De plus, 40% des entreprises rencontrent des difficultés d’approvisionnement, notamment en termes d’emballages.
Enfin, les industriels font face à une augmentation des coûts liés au traitement de la crise : augmentation des coûts logistiques (+6%) et des coûts de la matière première (+3%), difficultés à trouver des livreurs, mesures de protection (achat de masques, gels, etc.), hausse des salaires pour le travail de nuit et en week-end dans certaines industries. Pour l’instant, les prix n’ont pas ou peu augmenté. Les industriels de l’alimentation supportent ces hausses de coûts importantes, « entre 3 et 16% » selon l’ANIA, qui réduisent fortement les marges et la rentabilité. Mais le contrecoup se fera après la levée progressive du confinement, lorsque les hausses seront répercutées sur les prix des produits.
En fonction des catégories de produits, les situations sont très différentes. Des secteurs sont en tension, liée à l’augmentation de la demande en magasin. Ainsi, Fleury-Michon a dû recruter 115 personnes pour répondre à la hausse des commandes de charcuterie (+30%) ou pour le surimi (+20%). Les industriels des pâtes prévoient, eux, une augmentation majeure de leurs ventes, comme Panzani qui l’estime de l’ordre de 5 à 10% sur l’année 2020. Dans ce contexte, les industriels ont adapté leurs offres et leurs processus pour fluidifier la production :
- Raccourcissement des gammes, priorisation, pour se concentrer sur les marchés de gros volumes comme dans la filière laitière : lait UHT, crème, beurre, fromages emballés, ratés, etc. ;
- Évolution de l’organisation du travail, comme chez Panzani, pour pouvoir travailler 7/24 couplé au passage 135 références à 29 pour gagner du temps : chaque changement de format, pour passer des pennes aux macaronis par exemple, fait perdre plusieurs heures de production.

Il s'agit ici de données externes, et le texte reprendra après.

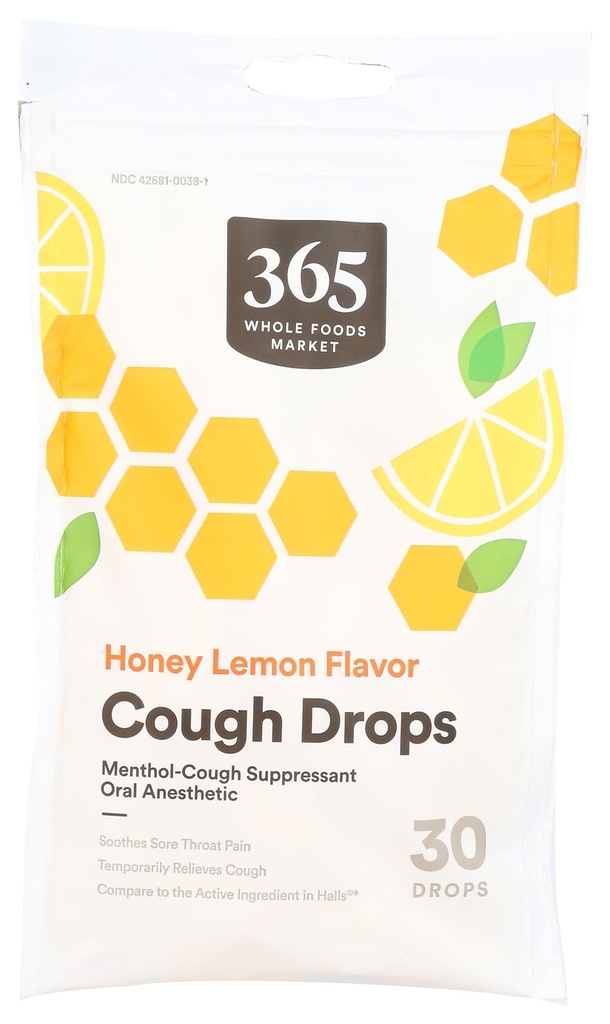 365 von Whole Foods Market, Honey Lemon Cough Drops, 30 Count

À l’opposé de ces filières saturées, des secteurs industriels font face à une crise de demande majeure. Boréal, société bretonne spécialisée dans les sauces, a perdu 70% de son activité avec la fermeture de la RHD. Social, troisième coopérative laitière européenne, note, elle, une baisse de 25 à 80% des commandes selon les fromages AOP depuis le début du confinement. Les ventes de produits festifs tels que les champagnes ont reculé de 35%.
Certains effets de la crise sur des catégories sont conjoncturels (exemples : surstockage, explosion du fait maison), mais on peut aussi remarquer que la crise sanitaire a un effet de catalyseur des tendances déjà initiées ces dernières années (développement du bio, de la consommation locale, mise en avant des produits sains, respectueux de l’environnement).

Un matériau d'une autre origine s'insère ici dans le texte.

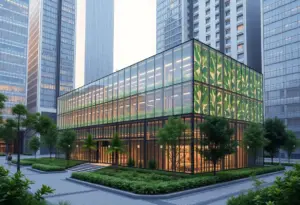 Architectural rendering of the Price Road Innovation Campus, an AI data center.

Avec cette accélération, toutes les marques vont devoir être encore plus vigilantes aux évolutions des attentes de leurs consommateurs. La plupart des panellistes sont d’ailleurs particulièrement actifs depuis la mi-mars. En écho à cette évolution attendue de l’offre, les dispositifs industriels devront globalement évoluer et les questions d’optimisation logistique (usine et approvisionnement), de gestion de la complexité du portefeuille de produits et de marques, de lourdeur des modèles opérationnels (agilité, fonctionnement en silos et éclatement des responsabilités, etc.) seront encore plus sur la table des dirigeants.
Enfin, les opportunités de croissance externe existeront et offriront des opportunités aux acteurs réactifs de se diversifier et gagner en résilience.